Refresh root to latest checkpoint (~epoch 18, batch624988)

0431b1c verified 16 days ago

2.98 kB

license: other
license_name: ntu-s-lab-license-1.0
license_link: https://github.com/hzxie/DynamicVLA/blob/master/LICENSE
tags:
  - robotics
  - vision-language-action
  - vla
  - dynamicvla
  - flow-matching
  - manipulation
datasets:
  - hzxie/DOM

DynamicVLA — DOM (full fine-tune checkpoint)

A DynamicVLA policy trained on the DOM dataset (hzxie/DOM) for dynamic-object manipulation.

⚠️ Mid-training checkpoint (~epoch 18, train loss ≈ 0.0007–0.003). Self-contained and eval-ready (includes normalization buffers), but optimizer/scheduler state is not included (cannot resume optimizer momentum from this file).

Files in this repo

model.safetensors + config.json (root) — latest checkpoint (~epoch 18, a mid-epoch step snapshot, refreshed as training proceeds).
epoch0005/, epoch0010/ — clean epoch-milestone checkpoints (saved at the end of those epochs; load with subfolder="epoch0005" etc.).

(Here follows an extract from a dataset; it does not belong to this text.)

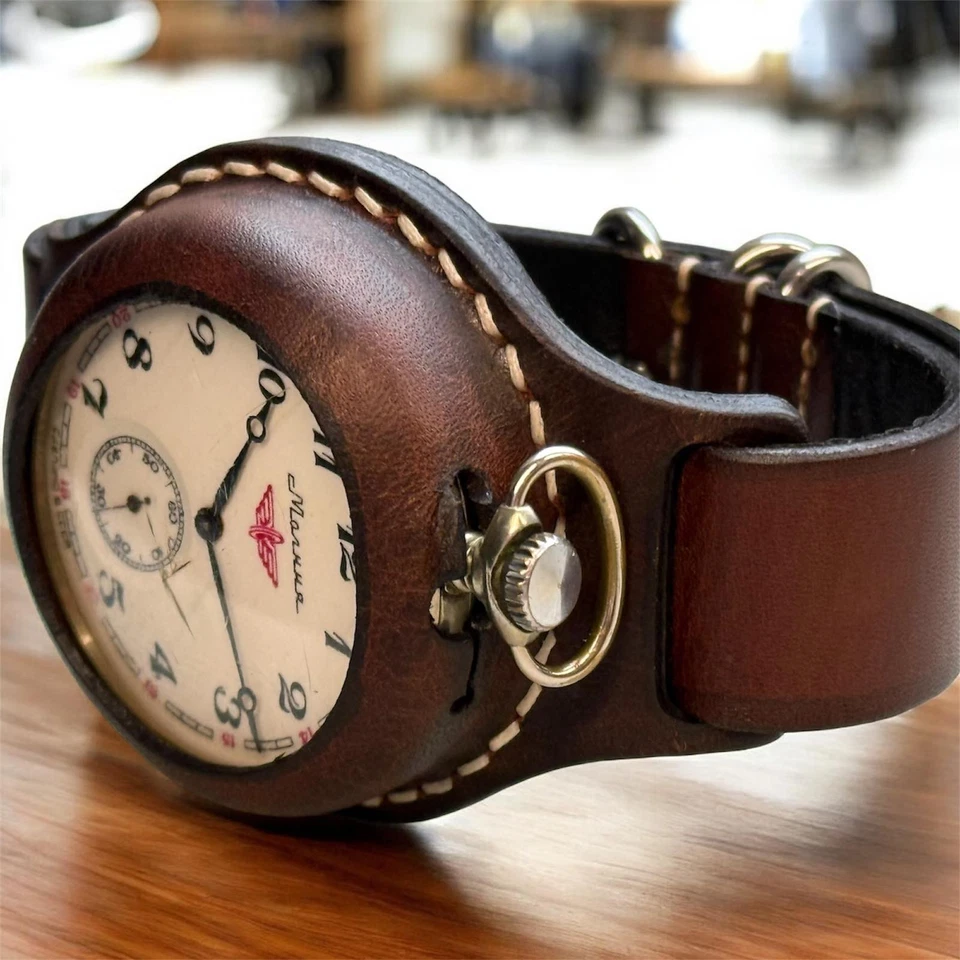 VINTAGE Molniya Pocket Watch Mechanical Soviet Ship Leather Case Russian USSR. - Image 3 of 4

Note the folder name uses the internal epoch_idx, which equals the log's "Epoch N+1" (e.g. epoch0010 = the completed "Epoch 11").

Model

Architecture: DynamicVLA = SmolLM2-360M VLM backbone (16 layers) + FastViT vision encoder
- flow-matching action expert (cross-attention bridge, temporal-attention fusion).
Full fine-tune: vision, text, and connector are unfrozen (freeze_* = False) → all 430M parameters trainable (the stock config freezes the backbone and trains only ~99M).
Action chunk / horizon 20, 2 observation steps, delta actions, images padded to 384×384, cameras opst_cam + wrist_cam.

Training

Hardware: 8× NVIDIA H200.
Effective global batch 1280 = 80/GPU × 8 GPUs × grad-accum 2 (matches the paper's effective batch; the paper used 32× A100 × 40/GPU = 1280).
AdamW, lr 1e-4, betas (0.9, 0.95), wd 1e-10, cosine schedule + 1000 warmup steps.
This run does only the paper's mid-training stage on DOM (no COYO vision-language pre-training, no real-robot post-training), from off-the-shelf SmolLM2-360M + FastVLM-0.5B init.

Load / evaluate

from policies.dynamicvla.modeling_dynamicvla import DynamicVLAPolicy
policy = DynamicVLAPolicy.from_pretrained("mickeykang/dynamic-vla-DOM")               # latest (~epoch 18)
# policy = DynamicVLAPolicy.from_pretrained("mickeykang/dynamic-vla-DOM", subfolder="epoch0010")
policy.eval().cuda()

from_pretrained restores the normalization buffers from model.safetensors, so no dataset is needed to load/infer. For the DOM benchmark, serve with scripts/inference.py -p <dir> against the Isaac Lab simulations/evaluate.py eval server.

Notes

DOM contains some corrupt/truncated videos; a local utils/datasets.py resilience patch (substitute a valid sample on any decode error) is needed to train on the full set, but not to load/eval this checkpoint.